We find it useful to generate intuitive messages that include also intuitive severity, as shown. In our case the number of hours in age is easy to understand. Message frequency is also limited based on severity.
Sometimes our stack may run for weeks without a hiccup, and for those periods we find it very useful to leave an equally easy to read trail of syslog messages that serve as testimony that everything is going just fine, just a few messages per day. For example:
polkawatch[0]: DDP Generation on kusama finished OK
polkawatch[0]: Kusama Data Pack seems OK, currently 23 Hours old.
polkawatch[0]: Kusama node is in sync, delta is 3.
polkawatch[0]: Our Kusama Node v0.9.41 is up to date.
Observability in a decentralized ecosystem
With this setup we can very easily observe our stack as a member of our distributed community.
For example, we find it useful to observe if the last block of our nodes drifts when compared to reference nodes in our ecosystem, i.g. those of our top RPC operators.

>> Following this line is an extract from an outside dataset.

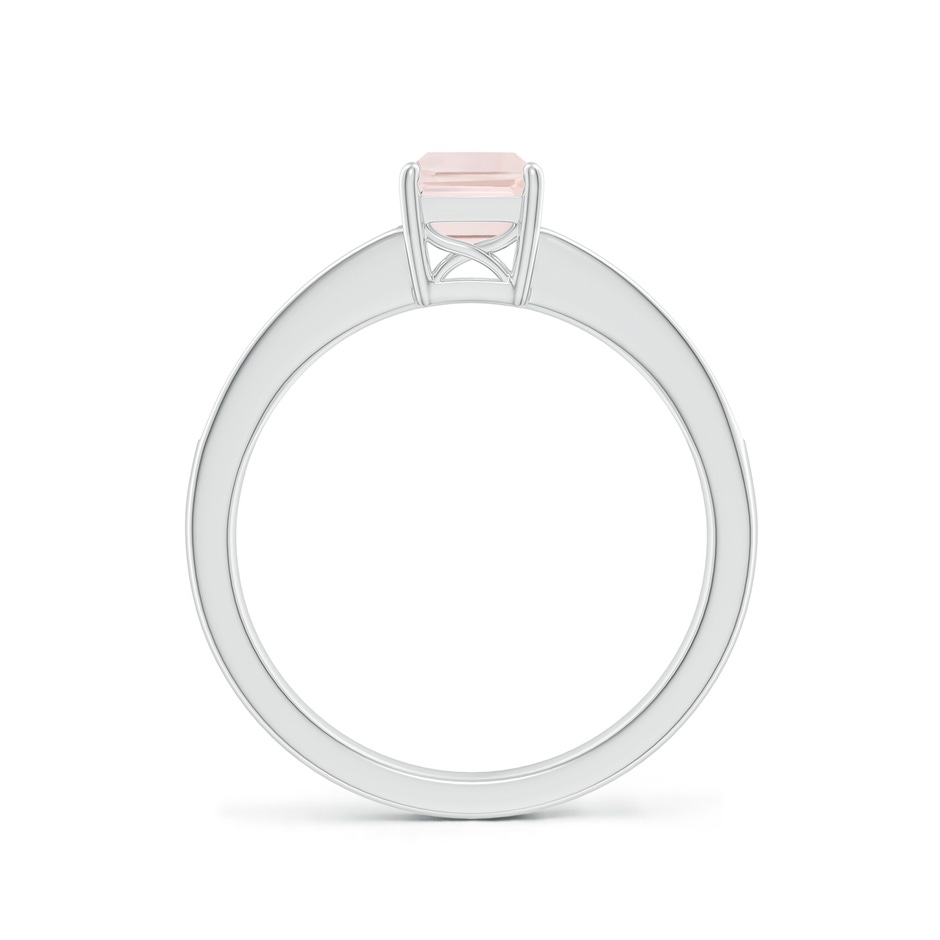 7x5mm A Octagonal Morganite Cocktail Ring with Diamonds in P950 Platinum side-1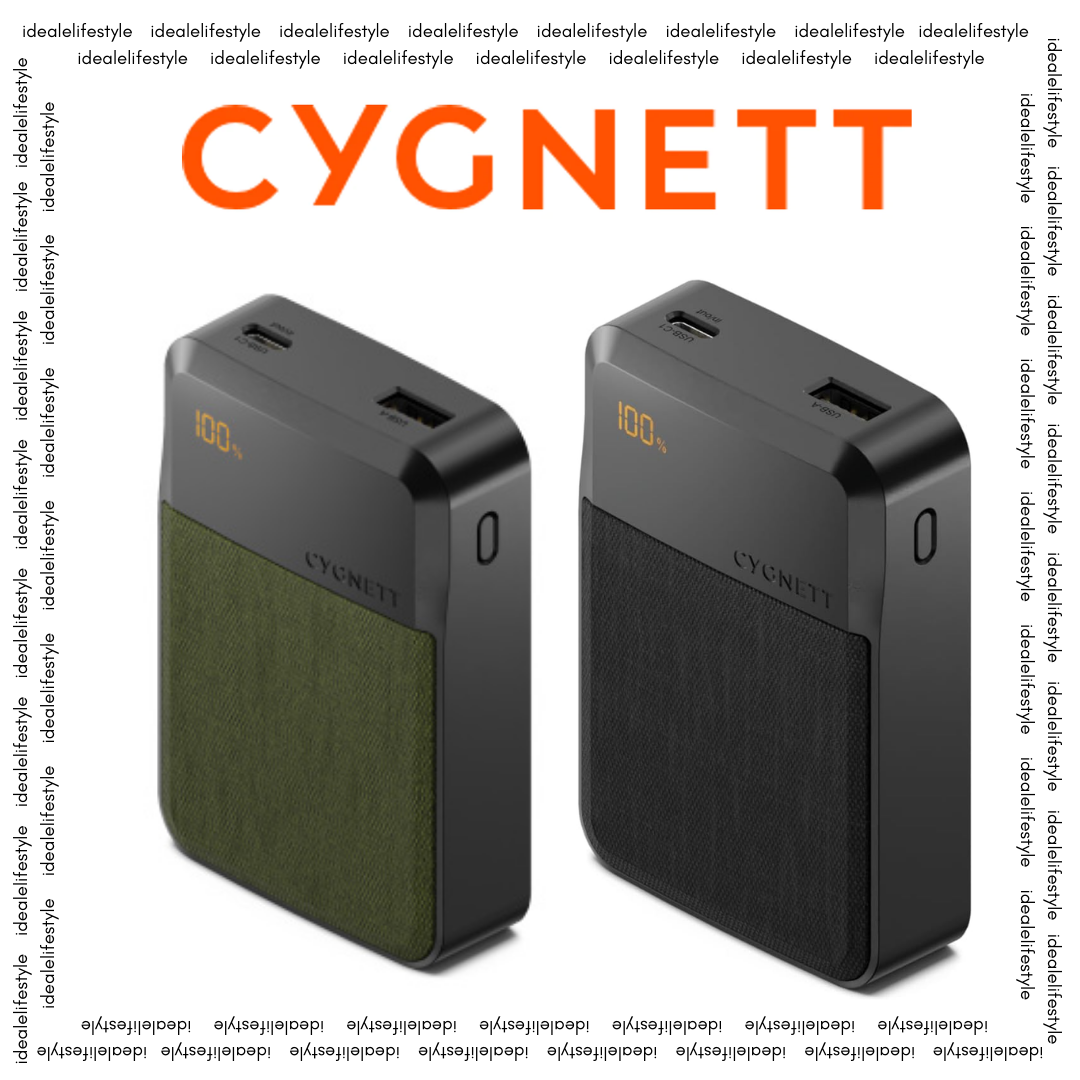 CYGNETT Reserve 10,000mAh and 20,000mAh power banks, fast 30W USB-C charging, 3-device multiport, digital display, compact design, tech accessory Singapore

We can also check if the Node version drifts when compared to reference node operators in our ecosystem, as follows:
In this flow, the RPC interface of our node and a reference node is used to retrieve the nodes versions. Semantic versioning is used to calculate the delta between the two versions and its type (patch, minor, major). Priority is assigned based on this delta, and intuitive messages are delivered based on this information.
The message above will be sent maximum once every 3 days, with the current flow setup.
Our takeaway
Observability in our decentralized ecosystem has its peculiarities many of which help us monitor our infrastructure easier than in other environments.
Node-Red is a fantastic tool to create agile workflows that allow us to observe our infrastructure very easily and intuitively while taking advantage of decentralization. Node-Red workflows are easy to maintain.
When something fails, we have Grafana, Prometheus, and log servers to have a closer look, until the issue is resolved
About Polkawatch
Polkawatch is an analytic tool designed to measure effective decentralization of Polkadot’s Validation process.
Polkawatch is a project originally supported by the Web3 Foundation grants program and currently supported by the Polkadot and Kusama treasuries.
About ZooperCorp
Zooper Corp is the Interplanetary PoS Blockchain Validator. A team of DevOps experts that maintains several DotSama validators including Polkadot, Kusama, Moonbeam and Moonriver.
Zooper Corp is part of the Web 3 Foundation 1KV Validator Program and is the original contributor of the Node-Red plugin for Polkadot, they can be reached on Twitter.
About Node-Red
Node-RED is a programming tool for wiring together hardware devices, APIs and online services in new and interesting ways.
It provides a browser-based editor that makes it easy to wire together flows using the wide range of nodes in the palette that can be deployed to its runtime in a single-click.